Work task:
Go through the material below, find each line with the word "Size", and copy those lines.
________________________
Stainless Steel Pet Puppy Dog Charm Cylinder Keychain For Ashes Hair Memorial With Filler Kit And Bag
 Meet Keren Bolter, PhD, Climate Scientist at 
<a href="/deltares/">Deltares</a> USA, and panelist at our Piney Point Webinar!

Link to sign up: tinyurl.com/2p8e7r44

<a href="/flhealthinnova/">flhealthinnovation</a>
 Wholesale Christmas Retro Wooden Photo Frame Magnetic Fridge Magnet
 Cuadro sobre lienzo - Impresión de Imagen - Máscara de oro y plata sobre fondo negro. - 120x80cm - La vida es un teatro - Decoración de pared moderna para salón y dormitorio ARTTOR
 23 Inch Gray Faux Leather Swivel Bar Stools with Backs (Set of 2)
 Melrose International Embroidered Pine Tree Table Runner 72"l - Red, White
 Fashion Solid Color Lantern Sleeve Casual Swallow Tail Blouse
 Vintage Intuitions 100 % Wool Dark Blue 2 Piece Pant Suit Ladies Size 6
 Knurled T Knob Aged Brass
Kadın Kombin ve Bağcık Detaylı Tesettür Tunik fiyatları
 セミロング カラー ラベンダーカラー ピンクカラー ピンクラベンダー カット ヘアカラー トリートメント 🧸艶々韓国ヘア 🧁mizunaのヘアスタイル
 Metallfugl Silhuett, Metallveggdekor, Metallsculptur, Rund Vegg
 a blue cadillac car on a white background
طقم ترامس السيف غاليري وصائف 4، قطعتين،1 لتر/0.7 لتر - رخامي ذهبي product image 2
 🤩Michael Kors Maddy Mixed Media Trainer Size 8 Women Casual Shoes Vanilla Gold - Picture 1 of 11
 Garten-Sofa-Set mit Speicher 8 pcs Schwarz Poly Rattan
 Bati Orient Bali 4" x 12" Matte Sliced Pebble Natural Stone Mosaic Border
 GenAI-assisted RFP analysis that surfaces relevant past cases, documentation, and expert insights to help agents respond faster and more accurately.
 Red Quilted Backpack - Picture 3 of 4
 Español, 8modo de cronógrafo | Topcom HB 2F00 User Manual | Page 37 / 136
________________________
Reply:
 Vintage Intuitions 100 % Wool Dark Blue 2 Piece Pant Suit Ladies Size 6
 🤩Michael Kors Maddy Mixed Media Trainer Size 8 Women Casual Shoes Vanilla Gold - Picture 1 of 11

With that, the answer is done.